Wednesday, June 22, 2011

The Order of Battle: First Skirmish Line

BNF - Paris

This takes us to the actual battle line on scanning library books which runs like this: Forget about it; it can't be done; it is illegal because of copyright. It is possible to have some fun with this argument.

By definition, legal arguments are self-serving interpretations of the law to further the ends of plaintiff and defendant, as the case may be. The only thing that makes this workable is that one side will win the other will crawl under the porch and lick its wounds. Motivation to play the game with virtuosity is high. We accept that although the wrong ones often win.

However, as a researcher who grew up in libraries and has worked in them (and in computer centers) for several decades, it is possible to achieve a perspective on electronic library books based on the common good as represented by electronic libraries. It is really an unashamed faith more than anything else, a faith in technologies, in the importance of libraries and in the electronic representation of sources, and even a faith that the law will eventually find its way down this path. Or will be pushed, pulled and kicked down this path.

It is possible to know with great certainty what is good for libraries and how technologies have contributed in the past and how they will continue to contribute in the future - Robert Darnton and the "we only work with vellum" crowd notwithstanding. [Note: there are influential voices who argue that "real" research can only be done with the actual physical artifacts. While this may be true for a small elite of scholarly superstars, the future lies in an opening of sources to a much wider group through electronic representation. The work is well underway. See: Batke, "Google Book Search and its Critics" 2010.]

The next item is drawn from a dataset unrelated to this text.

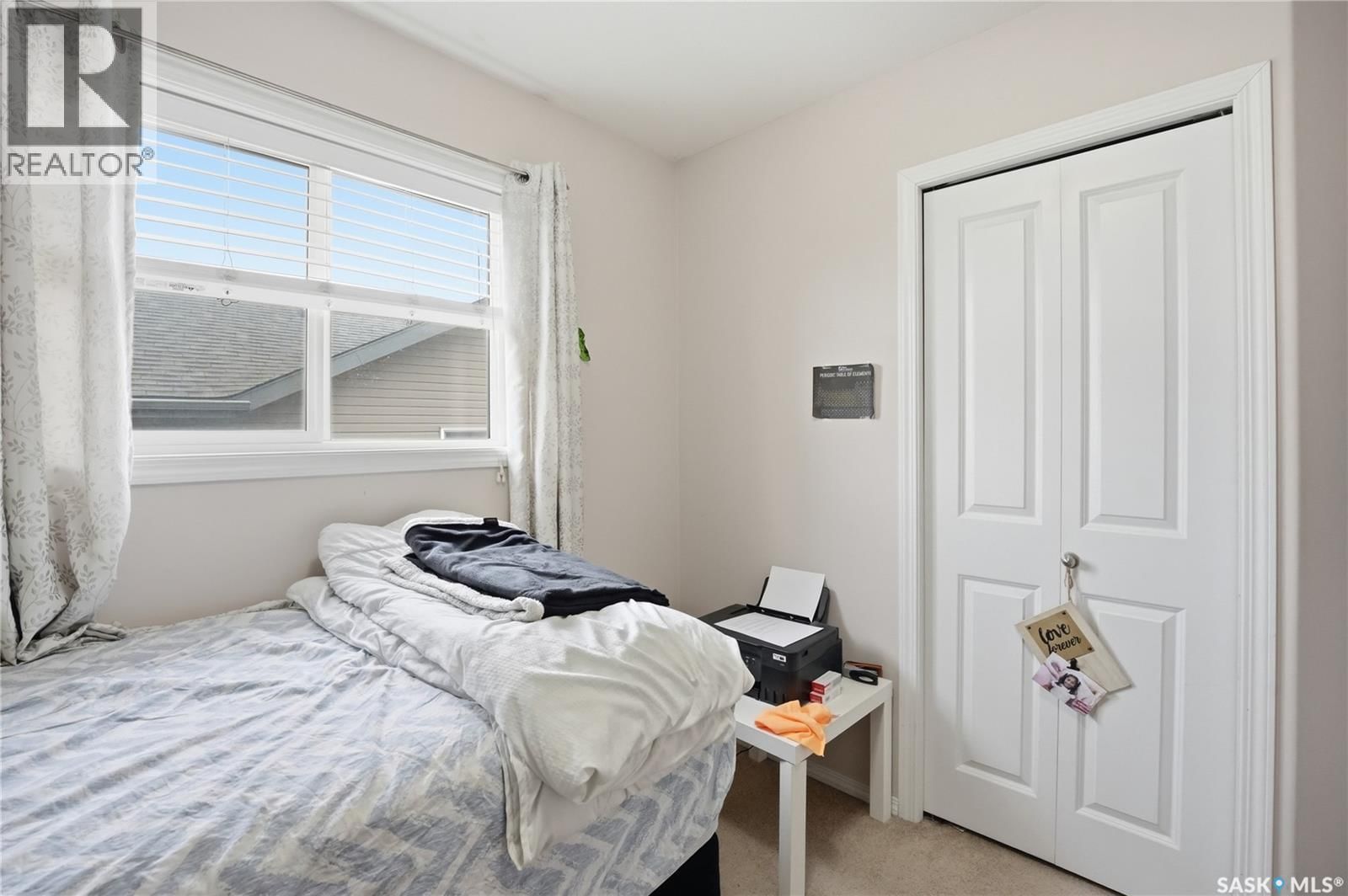 102 WHALLEY CRESCENT Image 17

From that perspective, the legal arguments seem thin, the judgement of the court seems arbitrary and the justification of the judge for the ruling seems contrived and manufactured in haste despite the time it took to produce. I am afraid from this perspective the work of Congress and the courts in the area of copyright appear ramshackle indeed. One can have some sympathy with the legal profession - with the law so completely tied up in illusions, half-truths, denial of fact and capitulation to cartoon figures ironed onto T-shirts, how can coherent arguments about our recent textual heritage be made with integrity and how can judgements worthy of respect be rendered? How can you tell I am not a lawyer?

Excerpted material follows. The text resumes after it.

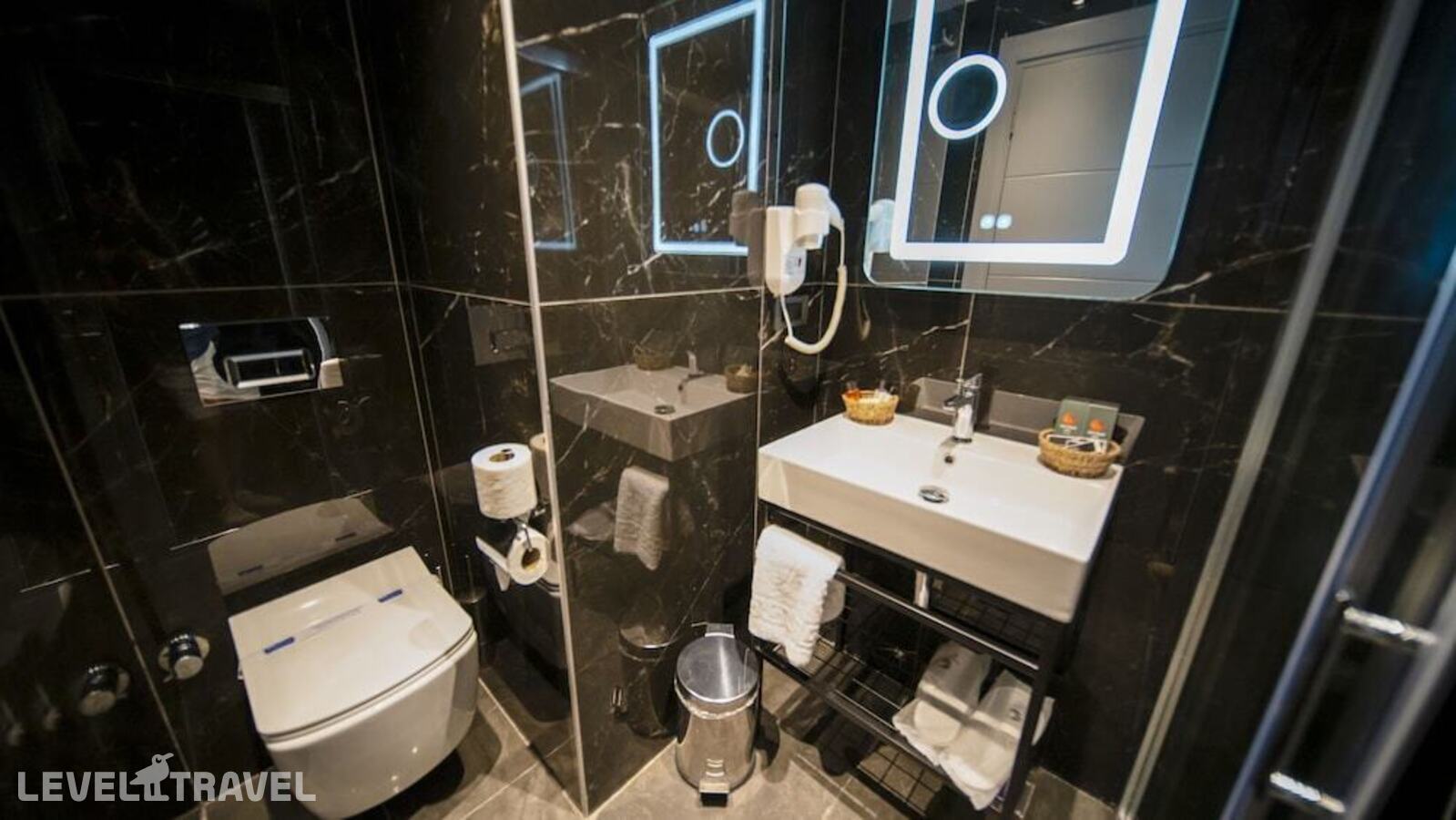 Двухместный номер Deluxe c 1 комнатой с видом на город двуспальная кровать — фото 9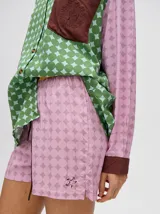 Short boxy de viscosa con estampado geométrico en tonos verde y beige, de tiro medio con pretina elástica y cordón de ajuste marrón oscuro.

There is a thorough, professional and respectful discussion of the March 2011 ruling and all the steps leading up to the ruling on Prof. Grimmelmann's (NYU Law) blog "Laboratorium." I have gained insight from his analyses and from the many comments and answers; I have also been humbled by the recognition of my fundamental ignorance of the workings of the law. I will be careful to document passages from his work and from others that have contributed to my evolving understanding.

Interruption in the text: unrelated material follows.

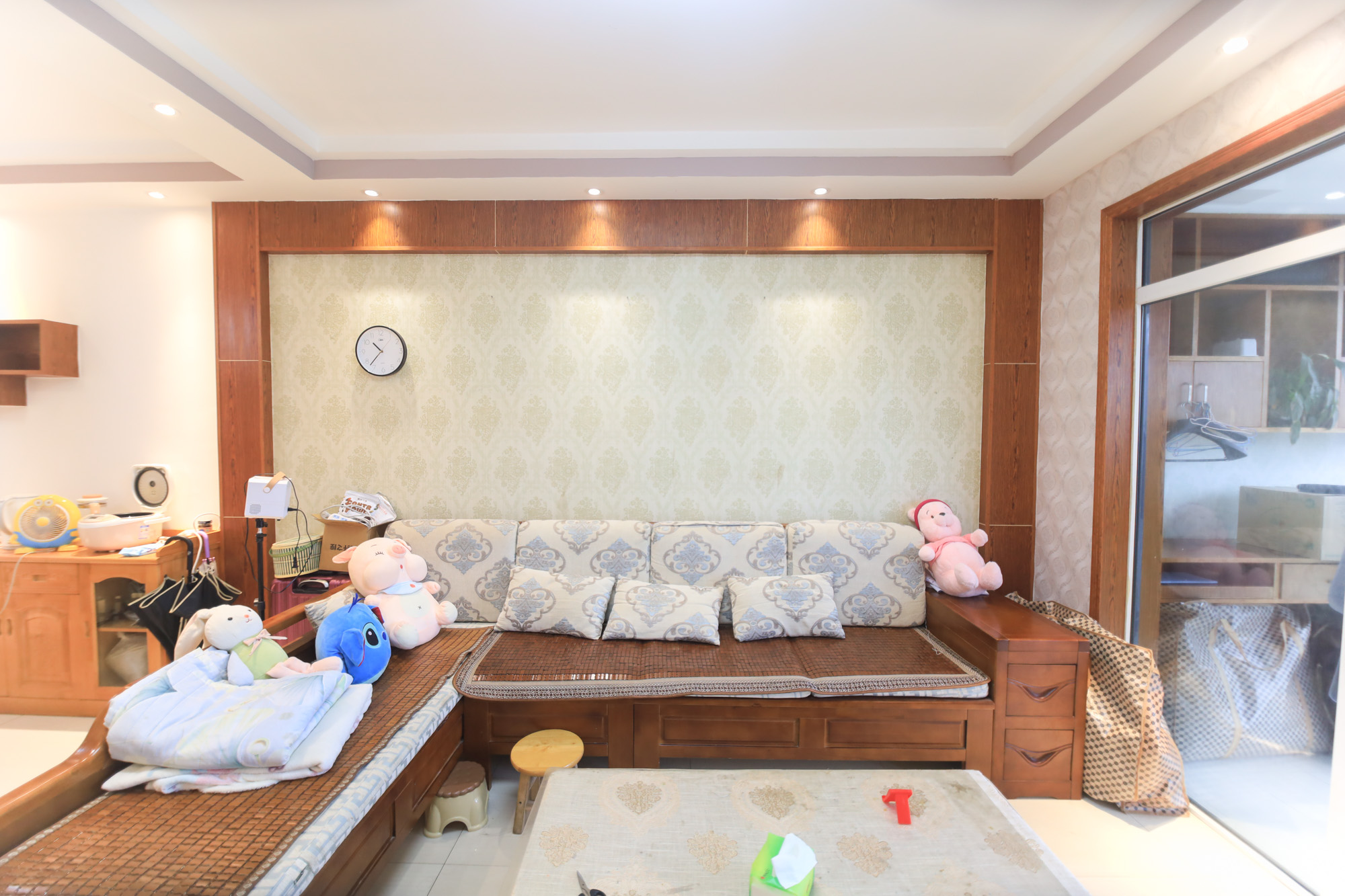 华银天际  2室2厅1卫   78.00万客厅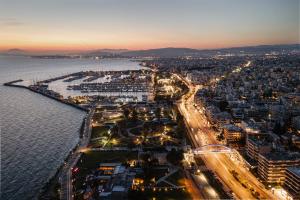 Sea View Beach Penthouse - Athens Coast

I have also been surprised by a strong and rising undercurrent of anger welling up, when I read the matter of factness with which the quite ordinary pronouncements of the court are taken as "that's the way it is." It reminds me of being a kid again, long long ago, and dealing with the absolute rulings of the parental units. It is not really anger, now in my early dotage, but rather a loud and resounding: "You gotta be kidding!" I am not used to finality of a judgement, even the temporary finality that may be reversed.

I will look past the fact that Prof. G. used to be a programmer for Microsoft. I will also look past the fact that Microsoft funds part of his research. It means that he has first hand experience with the workings of monopoly. I do not see an obvious conflict playing out in his work. Yet, I am a waif in dangerous waters. Prof. G. speaks with enthusiasm of the electronic library as an achievement we - the technological collective - can be proud of. I am tempted to take a full swing at his pinata, but I fear the cluster bombs inside. Part of my fear comes from what I don't understand, the consequences of legal terms and maneuvers hidden from the layman. The book of legal openings is huge; work outside the book, you lose. That much I do understand - the big yellow signs: CAUTION MINEFIELD.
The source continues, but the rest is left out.